### [Working data]
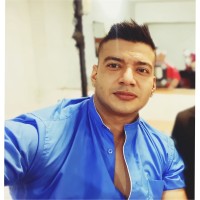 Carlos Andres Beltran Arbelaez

==

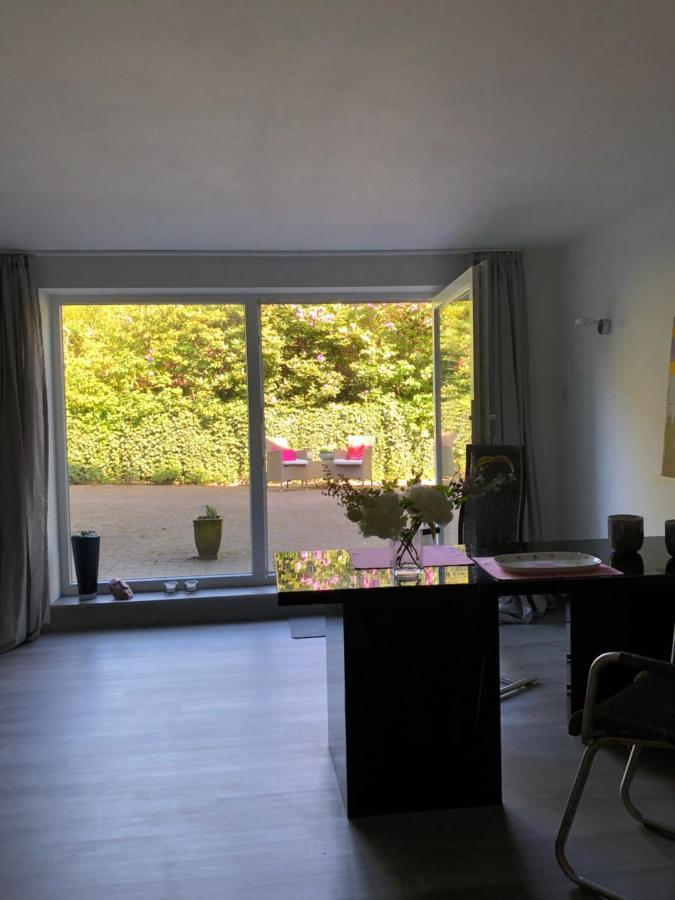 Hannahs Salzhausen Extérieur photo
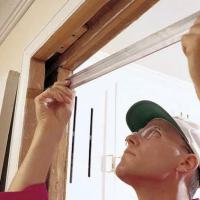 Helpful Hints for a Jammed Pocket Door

### [Directions for this task]
Above are entries with pictures among them. Write out exactly the lines from the one containing "Hannahs Salzhausen Extérieur photo" through the one containing "Helpful Hints for a Jammed Pocket Door", ends included, and leave those pictures out.

### [Answer to this task]
 Hannahs Salzhausen Extérieur photo
 Helpful Hints for a Jammed Pocket Door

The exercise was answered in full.